Auf den Kopf stellen und in die Öffentlichkeit bringen möchten die
österreichischen Künstler deshalb nun die ganze Debatte. „Deutsche,
integriert euch!“, fordern sie und bieten mitten auf der Großen Bergstraße
in Altona mit einem „Integrationslager“ ganz praktisch Hilfestellung:
Freiwillige PassantInnen können dort von Montag bis Samstag jeden
Nachmittag mit einem „Fremdscanner“ die eigene Integrationsfähigkeit und
-willigkeit testen lassen. Und bekommen anschließend ein individuell
zugeschnittenes Integrationspaket verpasst: ein kleines für
Fortgeschrittene, ein mittleres für Anfänger mit Vorerfahrungen und ein
großes Paket für all jene, für die Integration noch etwas ganz Fremdes ist.
Neu ist die Idee ist nicht. 2012 haben die Performancekünstler im Rahmen
der Wiener Festwochen mit einem ähnlichen Lager für „waschechte“ Wiener f…

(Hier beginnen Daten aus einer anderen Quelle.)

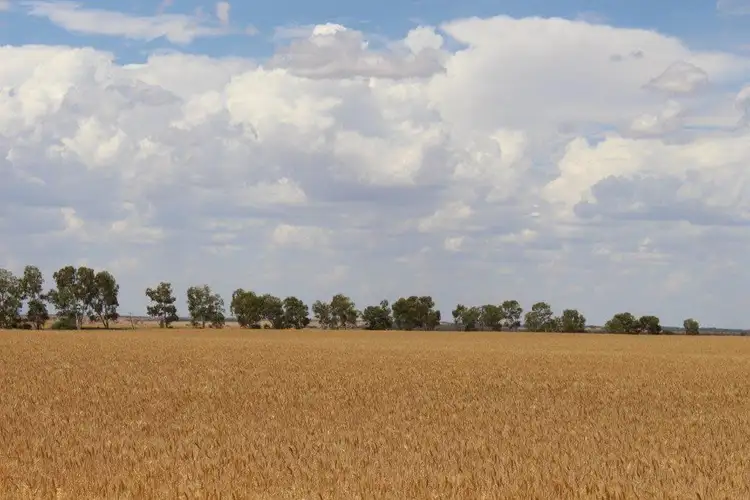 Third view of Homely rural property listing, 'Alunga' Lots 8445 & 10948 Balla-Whelarra Road, Ogilvie WA 6535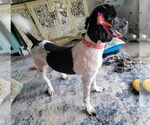 Small #4 Poodle (Standard)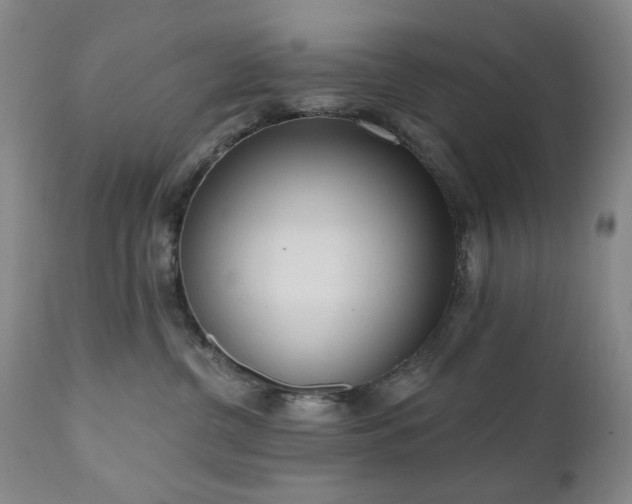 X0000111020380200906191658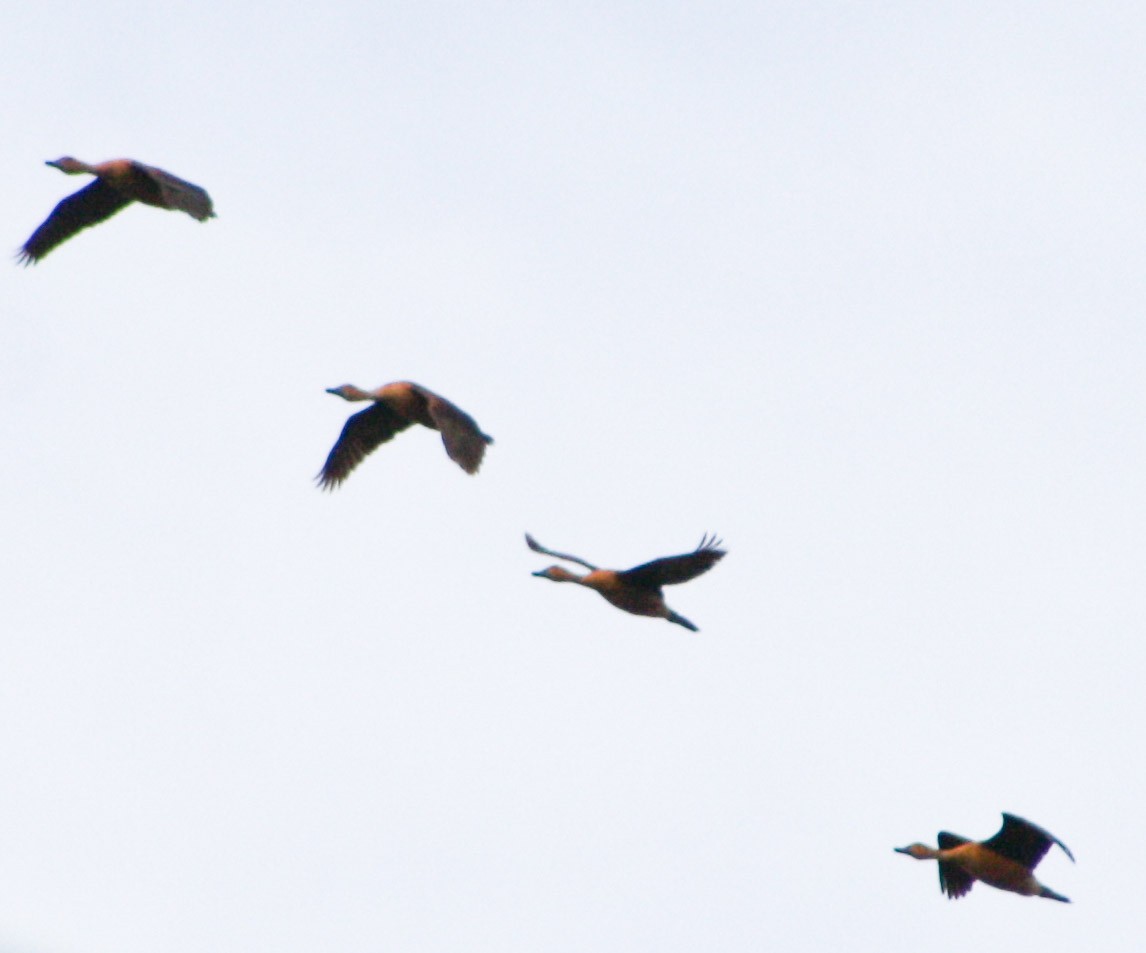 Fulvous Whistling-Duck - Serguei Alexander López Perez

Furore gesorgt. Unter anderem ein Jörg-Haider-Casting, Kopftuchtraining und
Zwangsverheiratung boten sie dort an. Eine „Ungeheuerlichkeit der
Sonderklasse“ sei die Aktion, echauffierte sich nicht nur die
kulturpolitische Sprecherin der FPÖ. Auch die Passanten wurden mitunter
handgreiflich, erzählt Ceko. „Wir hatten mehr Probleme, die Leute zu
beruhigen, als sie hereinzukriegen.“
Angelegt war das Ganze als offene Versuchsanordnung: Wie kann der
individuelle Integrationsbedarf überhaupt ermittelt werden? Und wie lange
muss man im „Integrationslager“ bleiben, um einen „integrierten“ Türken
oder Schwarzen nicht mehr als solchen wahrzunehmen? Im Vorfeld hatten die
Performer an Informationsständen in allen Wiener Bezirken ermittelt, welche
Minderheiten als besonders problematisch empfunden werden.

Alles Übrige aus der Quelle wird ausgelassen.